• karlduane

NLP Classification- Choosing the 'Best of' from 'Legal Advice'

Updated: Jan 19

Phase 1 - Problem Definition


1.1 Broad Goal(s):


My goal is two-fold:

1. Using [Pushshift's](https://github.com/pushshift/api) API, collect posts from two subreddits of my choosing.

2. Use NLP to train a classifier on which subreddit a given post came from. This is a binary classification problem.


1.2 Subreddit Selection


Reddit.com has a 'best of' feature-- both of Reddit itself and of specific subreddits. How a post or comment is selected to be a 'best of' is a fascinating rabbit hole to dig in to- see a guest post by Randall Munroe of XKCD fame on the subject here, or take a look at the reddit thread in r/nostupidquestions.


TL;DR- it combines a statistical algorithm that tracks the activity, number of comments and number of upvotes to determine which comments and which posts are the most engaged with and flags it for a redditor's review.


The question I wanted to examine is whether or not the titles can be parsed to determine whether they come from the original subreddit or from the 'best of' subreddit in the same category.
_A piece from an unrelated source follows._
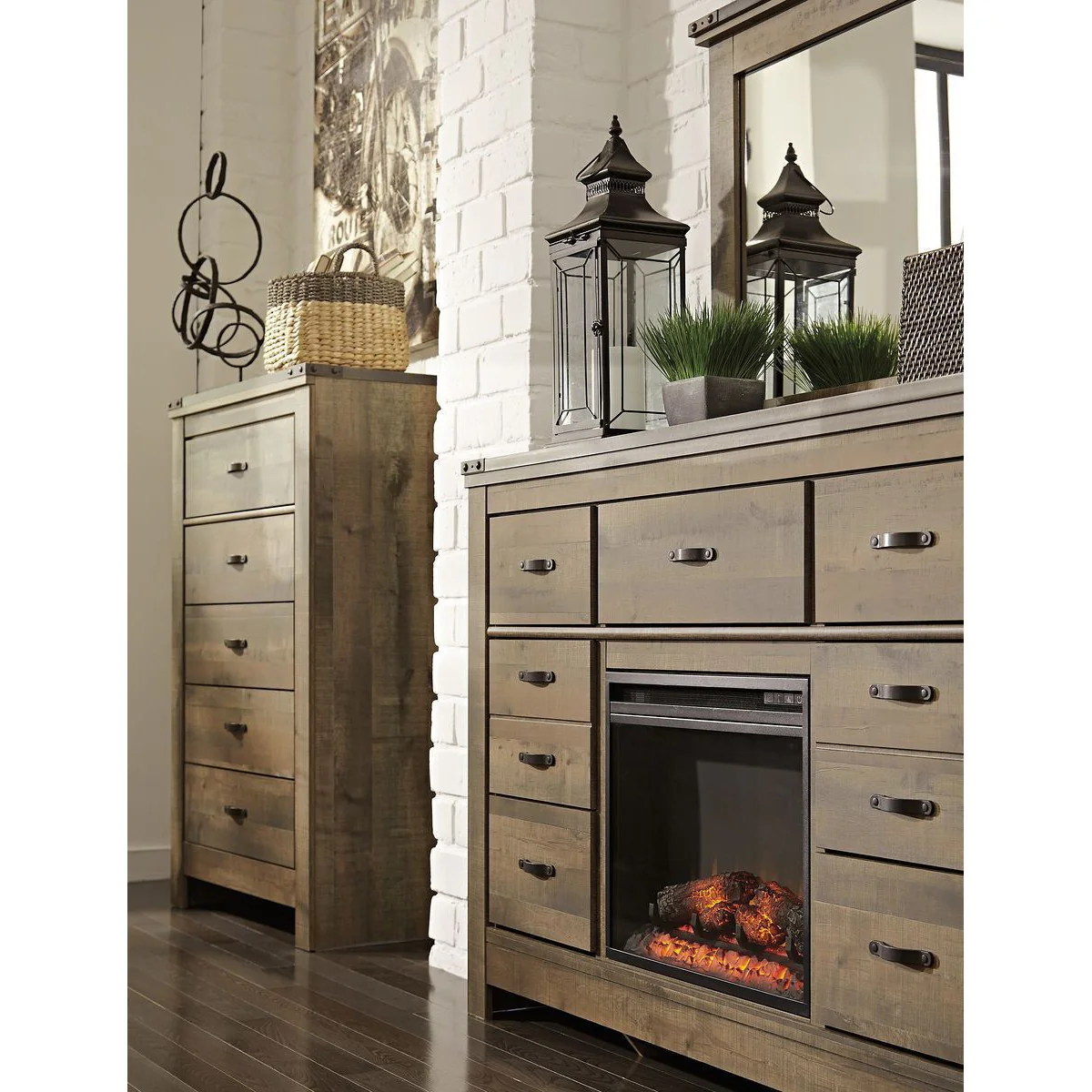 Trinell - Brown - 2 Pc. - Dresser With Fireplace Insert Glass/stone - Image 5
To do this I'm looking at the subreddits of:


1. r/legaladvice

2. r/bestoflegaladvice


In short: can we build a NLP model that will predict whether a post is from the legal advice subreddit or the curated best of legal advice subreddit?


Phase 2 - Data Gathering


2.1 Define Function to gather posts from reddit using pushshift API

def get_posts(subreddit, n):
    url = 'https://api.pushshift.io/reddit/search/submission'
    if n < 100:
        params = {
        'subreddit' : subreddit, 
        'size': n 
        }
        res = requests.get(url, params)
        data = res.json()
        posts = data['data']
    else:
# note:  Pushshift.io now has a hard limit of 100 posts returned per API hit, so I'm setting this 100 limit here and will loop through this call until I hit n posts
        #get now in epoch date time format
        today = datetime.now()
        now = today.replace(hour=0, minute=0, second=0, microsecond=0)
        epoch = int(now.timestamp()) #get now in epoch date time format

        params = {
            'subreddit' : subreddit,
            'size' : 100, #pull 100 posts at a time
            'before' : epoch #set to now
        }
        posts = []
        # until I have as many posts as called for
        while len(posts) <  n:
            # get the posts
            res = requests.get(url, params)
            # convert to list
            data = res.json()
            # add to list
            posts.extend(data['data'])
            # set params 'before' to oldest post's utc
            params['before'] = data['data'][99]['created_utc']
            # pause for 5 seconds so we're not hitting the API too fast and maxing it out.
            time.sleep(5)

    return pd.DataFrame(posts) # 

2.2 Gather Posts from each of 2 Subreddits


- r/bestoflegaladvice

- r/legaladvice


First look used a total set of 2,000 titles, final model was trained on a total set of 10,000 title.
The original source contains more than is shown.